United States District Court, E.D. Michigan, Southern Division
Feb 26, 2009
Case No. 2:08-CV-11091 (E.D. Mich. Feb. 26, 2009)

Opinion

Case No. 2:08-CV-11091.

February 26, 2009


OPINION AND ORDER


On February 13, 2008, Plaintiff Ricky Beasley ("Plaintiff") filed suit against Defendant State Farm Fire Casualty Company ("State Farm"), alleging breach of an insurance contract and bad faith as a result of State Farm's denial of Plaintiff's claim for losses, damages, and expenses arising from house fires on November 2, 2006. At the time of the fires, Plaintiff's property located on Ilene Street in Detroit, Michigan, was insured under a State Farm homeowners policy, Policy Number 82-N6-8452-3. State Farm denied Plaintiff's insurance claim, contending that the circumstances surrounding the house fires suggested that Plaintiff or someone procured by Plaintiff intentionally set the fires. On November 24, 2008, a jury returned an unanimous verdict in Plaintiff's favor, finding in part that Plaintiff did not intentionally set or arrange for the setting of the house fires. (Doc. 53.) The jury also unanimously decided the actual cash values and costs to repair/replace the property and the personal property damaged or destroyed in the fire, as well as additional living expenses incurred by Plaintiff. ( Id.) Presently before the Court are the following post-trial motions:

(1) Plaintiff's Motion for Attorney Fees Based on Defendant's Notification of Attorneys Lien (Doc. 54);
(2) Plaintiff's Motion for Entry of Judgment, Taxation of Costs and Interest (Doc. 55);
(3) Plaintiff's Motion for Attorney Fees (Doc. 56);
(4) State Farm's Cross Motion to Apply Offsets and for Entry of Judgment (Doc. 57).

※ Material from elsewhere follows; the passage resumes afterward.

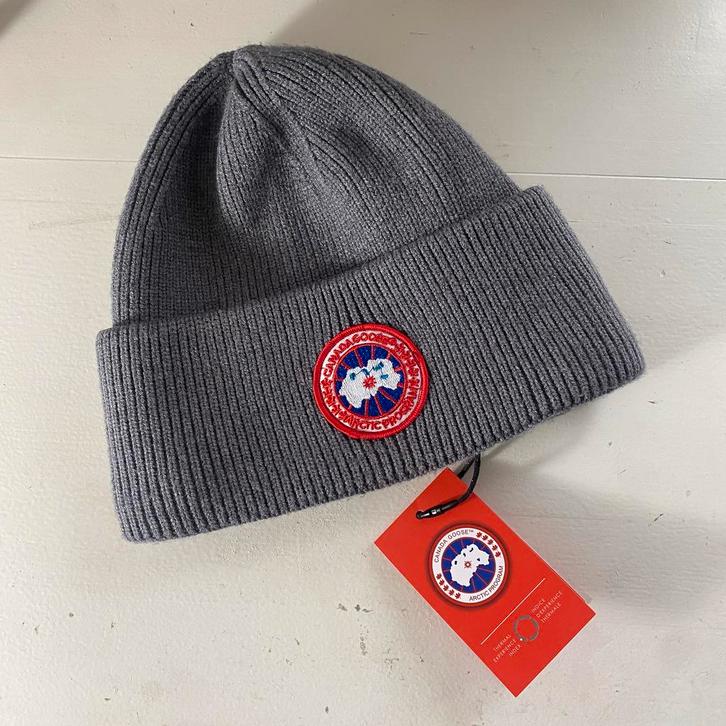 Muts met Canada Goose logo, Kleding | Heren, Mutsen, Sjaals en Handschoenen, Nieuw, Muts, Overige maten, Ophalen of Verzenden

Plaintiff has filed a response to State Farm's cross-motion (Doc. 58). State Farm has filed a response to Plaintiff's motions for attorney fees (Doc. 59.)

Background Information

As indicated above, on November 2, 2006, house fires destroyed Plaintiff's Ilene Street dwelling, as well as personal property located within the dwelling. At the time, First Franklin Bank held a mortgage on the property and the property was insured by a State Farm homeowners policy. The homeowners policy contains a mortgage clause and identifies First Franklin Bank as a mortgagee of the Ilene Street property.

Following the loss, State Farm denied Plaintiff's claim for proceeds under the insurance policy. State Farm, however, did provide Plaintiff an advanced contents payment in the amount of $5,000 and an additional living expenses payment ("ALE payment") in the amount of $6,435. In response to a claim for insurance proceeds filed by First Franklin Bank, State Farm also paid pursuant to the policy's mortgage clause $102,517.03 to First Franklin Bank and $7,443 to the City of Detroit as hold back funds for demolition of the damaged property.

The jury found the actual cash value of the Ilene Street dwelling and the personal property damaged or destroyed in the fire to be $124,900 and $19,825.65, respectively. The jury further found the cost to repair the dwelling and to replace the personal property to be $149,504.09 and $32,433, respectively. The jury also concluded that Plaintiff incurred additional living expenses totaling $17,160.

Parties' Motions

In his first motion for attorney fees (Doc. 54), Plaintiff argues that, pursuant to a contingency fee agreement with his attorney, he is entitled to an attorney fee of 33 1/3% of the amount of the insurance proceeds that State Farm paid First Franklin Bank and the City of Detroit (i.e. $109,906.03). Plaintiff indicates that he notified State Farm of the contingency fee agreement before State Farm paid these proceeds to First Franklin Bank and the City. State Farm responds that Plaintiff is not entitled to a percentage of these payments as attorney fees, as Plaintiff's attorney did not represent the mortgagee and his attorney's efforts played no role in procuring the amount paid to the mortgagee.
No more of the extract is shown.